What can be done about the problem?

In a recent video call with ARM, we discussed the (lack of) adoption of Unity3D on Wasm on ARM mobile devices, and the short summary is that these memory issues are a hard wall for feasibility of Unity3D on Wasm on Android. There have been existing conversations in #1396 and #1300 about how to shrink memory, but no concrete progress.

On the concrete bugs front, if Chrome eventually migrates to 64-bit process on Android, it can help larger than 300MB Wasm applications to work on chrome. (However an issue here may be is that manufacturers are still releasing 32-bit only Android hardware in 2020, because of old inventory stock or what - we have no idea) If Safari fixes their eager page kill behavior, maybe it will help developers gauge the max limits on iPhones. But those will not help the problem that a committed memory page is still a committed memory page, and a mobile device does have to carry it around somewhere.

Besides that, here are some ideas:

  1. Would it be possible to make the commit vs reserve behavior explicit for Wasm? Maybe as a browser coordinated extension if not for the core spec? This would give guarantees to application developers as to what the best practices initial vs maximum vs grow semantics should be. The current situation where one browser vendor recommends to probe the max amount of memory that can be reserved, vs another browser vendor expecting that apps allocate only the minimum needed amount or be killed if they exceed that, strongly suggests that the spec is missing something to connect the expectations together.

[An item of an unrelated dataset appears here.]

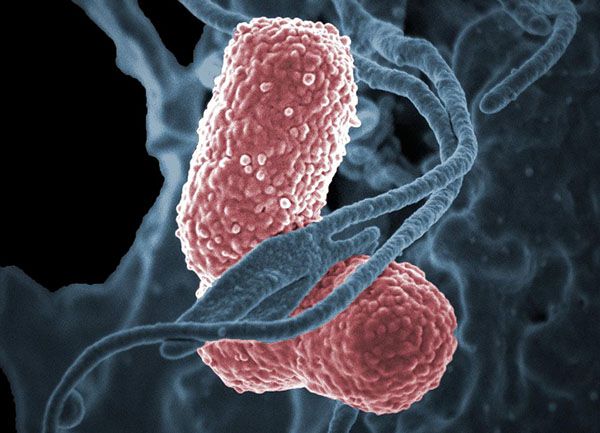 Colorized scanning electron micrograph showing carbapenem-resistant Klebsiella pneumoniae interacting with a human neutrophil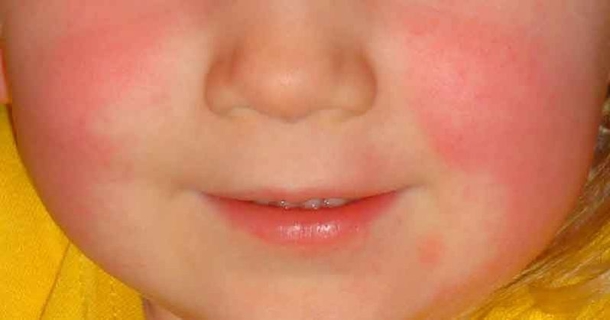 Scarlet Fever is Back and Every Parent Needs to Watch Out For These Warning Signs - picture 2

  2. Would it be possible to add support for unmapping memory pages from Wasm? Then e.g. Emscripten could implement unmapping of memory pages into its dlmalloc() and emmalloc() implementations, fixing memory commit issues, and the related Safari "high memory consumption" process killing, and Android task switch killing troubles?

  3. Would it be possible to somehow make a softer version of WebAssembly.Memory maximum field? If an app allocates Memory with maximum=4gb, which risks the rest of the browser/JS losing its address space (in 32-bit contexts), then maybe the browser could start reclaiming the highest parts of that reserved address space for its own purposes if the wasm app hasn't .grow()n that memory into its own use yet?

Then if one allocated a Memory with maximum probed to as much as it can go, but then allocated a large regular ArrayBuffer, maybe the browser could just steal some of that maximum back, if the Wasm app hasn't .grow()n into it? Likewise, if there was a .shrink() operation that an app could make use of, then maybe paired with this kind of address space stealing logic, the Wasm app and the rest of the browser could coordinate to "trade" address space, depending on how much of it was actually committed in the wasm heap, vs not actually used.

I hope the impressions here will not be a "this should be left to implementation details", since when I raised these concerns as a browser implementation bug, the message was that maybe the wasm spec should address this. And currently browsers are certainly not providing common enough implementations to enable developers to succeed with Wasm on mobile devices.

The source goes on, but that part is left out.